Realizing the higher stakes of tonight’s game, though, has been unavoidable.

“It’s a chance to see how good we are as a team,” center Ryan Pugh said. “It’s a challenge, it’s going to be a lofty one and I think it’s going to be something as an offense we take upon ourselves to go out and be better this week than we were last week: to just keep putting points up, scoring and putting up yardage.”

But what about the previously offense-starved fans who have enjoyed the yard binge enough to think this year’s team could be something special?

Chizik had a simple message for whoever makes it out for tonight’s primetime game. Temper those expectations, but cheer as if it’s already bowl season.

“I want them to be excited about the future. It’s going to be very bright,” Chizik said. “Just like we’re trying to up our game this week, we’ve got to take it to a new level, we want our fans to be the absolute loudest stadium in the country. And we’re going to challenge them.

“I want them to be excited because we’re excited. But we have not arrived.”

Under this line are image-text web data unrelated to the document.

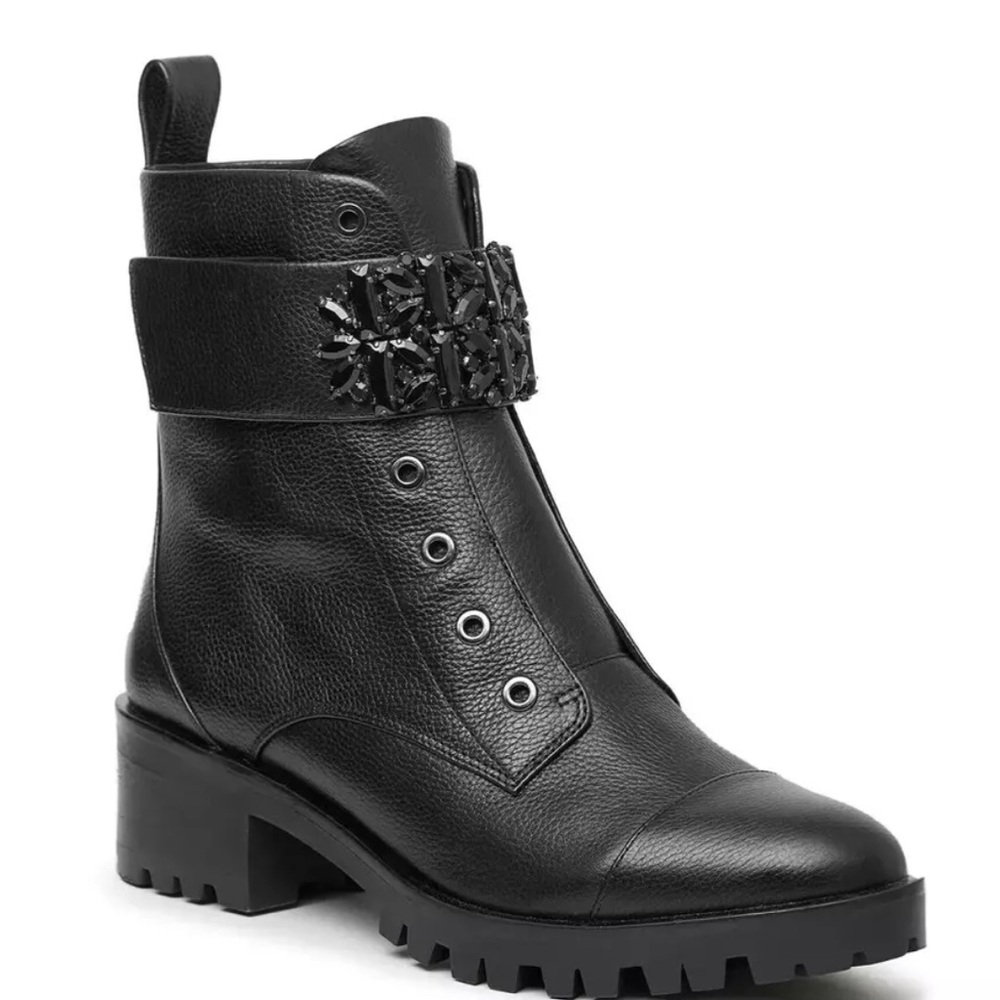 KARL LAGERFELD Women's Pippa payson lace Lug sole combat moto Booties black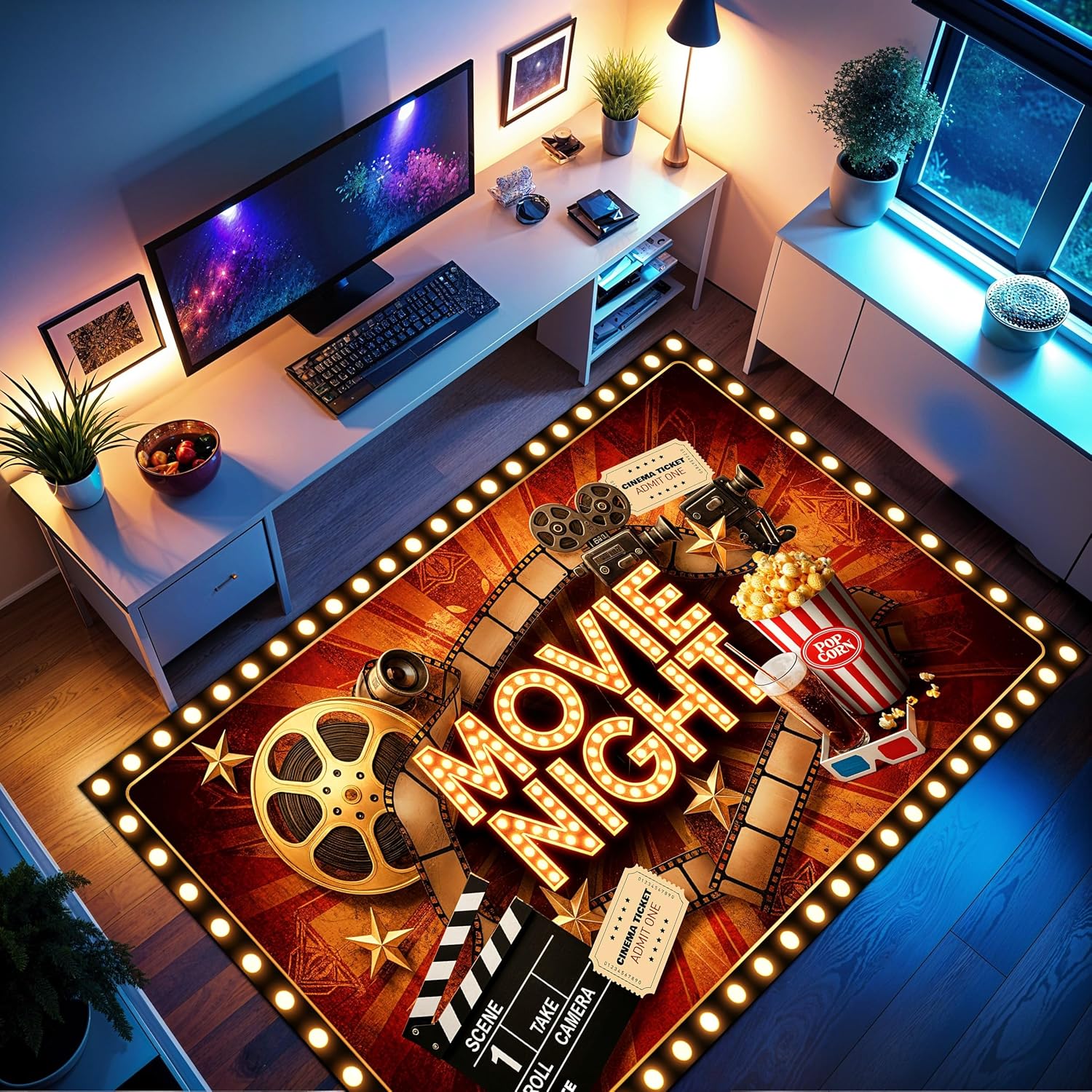 Movie Night Area Rug, Custom Home Theater Decor, Machine Washable Non-Slip Floor Carpet for Cinema Room, Living Room, for Movie Lovers A04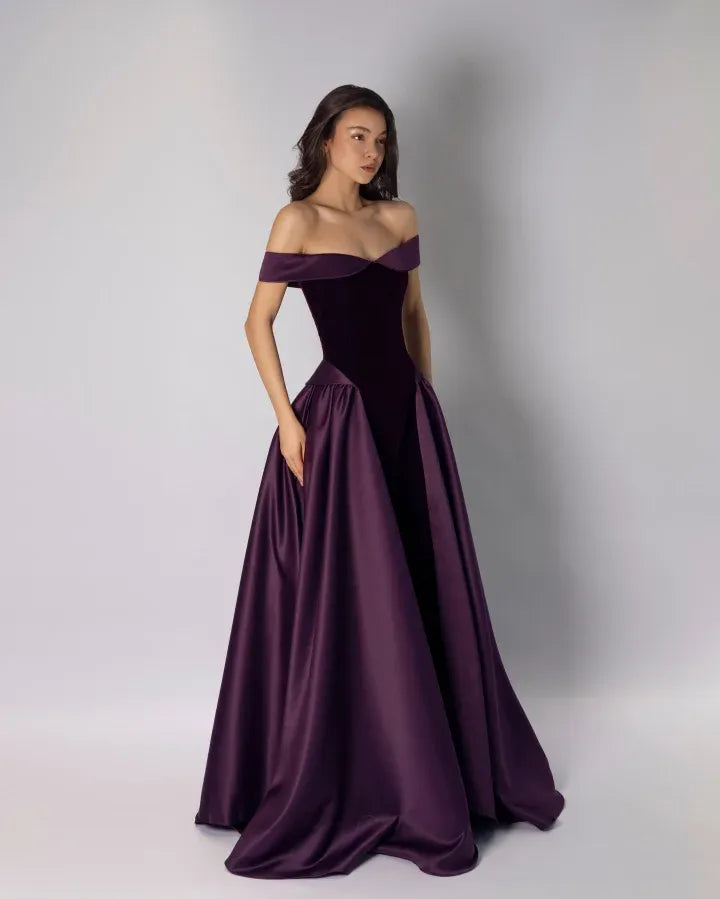 Elegant Off-the-Shoulder Velvet Satin A-Line Ball Gown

And, if you don’t mind, McFadden prefers that you direct your Auburn football queries to someone else for now.

“You’re going to have some people that, if we lose a game, they might say we were lucky for the first two games,” McFadden said. “If we keep winning, they might just jump on the bandwagon and say, ‘We already knew. We were behind you 100 percent.’

“The only time I’ll care is if you see me in the SEC championship … I’ll tell you everything then.”